Die erste Überlieferung der sogenannten älteren Edda, oder Lieder-Edda, ist der „Codex Regius“. In fast 40 Kapiteln, je nach Zählweise schwankt die genaue Anzahl, wird die Entstehung der Welt aus dem Chaos (wohlgemerkt nicht aus dem Nichts), das Leben und Wirken der Asen und der Menschen, der Zwerge und der Riesen auf dem Weltenbaum Yggdrasil erzählt. Während es in der ersten „Erzählung“ einzig allein um die Erschaffung der Welt und der abschließenden Götterdämmerung (Ragnarök) mit dem Untergang der Welt dreht, zeigen die weiteren Kapitel verschiedene Ausschnitte aus dem Leben der Götter, Helden und Menschen.

Die sogenannte jüngere Edda, oder Snorra-Edda, benannt nach dem Barden Snorri Sturluson, der die Sagen in Romanform verschriftlichte, entstand im Auftrag eines großen Jarls, also eines germanischen, lokalen Regenten. Doch große Unterschiede existieren nicht und es liegt im persönlichen Geschmack des Lesers, welche Darstellungsform er bevorzugt.

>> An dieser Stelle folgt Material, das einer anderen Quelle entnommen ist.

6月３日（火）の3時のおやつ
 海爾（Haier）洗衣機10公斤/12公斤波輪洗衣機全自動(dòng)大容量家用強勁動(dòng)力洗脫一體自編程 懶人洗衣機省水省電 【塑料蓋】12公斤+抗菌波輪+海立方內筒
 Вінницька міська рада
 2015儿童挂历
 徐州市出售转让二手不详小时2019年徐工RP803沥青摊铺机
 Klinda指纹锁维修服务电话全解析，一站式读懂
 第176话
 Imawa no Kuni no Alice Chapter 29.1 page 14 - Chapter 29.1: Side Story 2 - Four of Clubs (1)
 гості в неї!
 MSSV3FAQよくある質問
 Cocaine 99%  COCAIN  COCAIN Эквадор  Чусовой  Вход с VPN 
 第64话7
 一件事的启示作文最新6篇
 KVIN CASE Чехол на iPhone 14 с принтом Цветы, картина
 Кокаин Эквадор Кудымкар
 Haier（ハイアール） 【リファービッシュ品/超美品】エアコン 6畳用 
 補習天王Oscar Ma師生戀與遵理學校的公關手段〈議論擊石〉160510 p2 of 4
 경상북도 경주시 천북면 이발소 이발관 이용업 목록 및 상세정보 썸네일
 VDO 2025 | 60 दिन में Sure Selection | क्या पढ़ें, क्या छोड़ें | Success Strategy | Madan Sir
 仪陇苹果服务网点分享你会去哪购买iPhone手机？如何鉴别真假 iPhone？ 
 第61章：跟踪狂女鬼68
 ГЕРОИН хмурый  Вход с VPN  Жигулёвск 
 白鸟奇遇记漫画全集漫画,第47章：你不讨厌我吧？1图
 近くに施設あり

Differenzen gibt es nur in einigen Feinheiten oder Wortlauten, worüber sich natürlich Theologen und Historiker freuen konnten, die sich hauptsächlich im ausgehenden 19. und jungen 20. Jahrhundert, auf die Exegese dieser Schriften stürzten. Die geläufigste heutige Übersetzung stammt von Karl Simrock aus dem Jahr 1851. Da beide Edda-Überlieferungen aus dem Altisländischen stammen, das an Anspruch dem Neuisländischen in nichts nachsteht, liegen nur wenige taugliche und anerkannte Übersetzungen vor.

Zwischen Schicksal, Saga und wettenden Göttern

Ein bedeutender Unterschied der nordischen Religion im Vergleich zu den Offenbarungsreligionen, aber auch anderer polytheistischer Glaubensarten, ist die fehlende Souveränität der Götter, die die Schriften durchaus unterhaltsam erscheinen lassen. Sei es Thor der Menschenfreund, der sich dazu überreden lässt, als Braut verkleidet, seinen von einem Riesen gestohlenen Hammer zurückzuholen, oder Odin, der zwar über die Menschenwelt wacht, aber sich immer wieder zu aberwitzigen Wetten hinreißen lässt.  Auch schön zu lesen sind die andauernden Streitereien des „bösen“ Gottes Loki mit den Asen, bei denen er wildeste Anschuldigungen und Beleidigungen erfindet um diese gegeneinander und gegen sich selbst aufzubringen:

Schweig doch, Freyja!
Eine Frevlerin bist du
und mit Argem angefüllt:
da beim Bruder dich ertappten
die trauten Gebieter,
da entwich dir wohl ein Wind.

Neben den herben Zankreden Lokis ist seine Rolle in anderen Episoden häufig unklar, die Motive undeutlich. Mal spielt er den perfekten Schurken, an anderen Stellen kann man seine Handlungen nachvollziehen und wird zum Nachdenken angehalten.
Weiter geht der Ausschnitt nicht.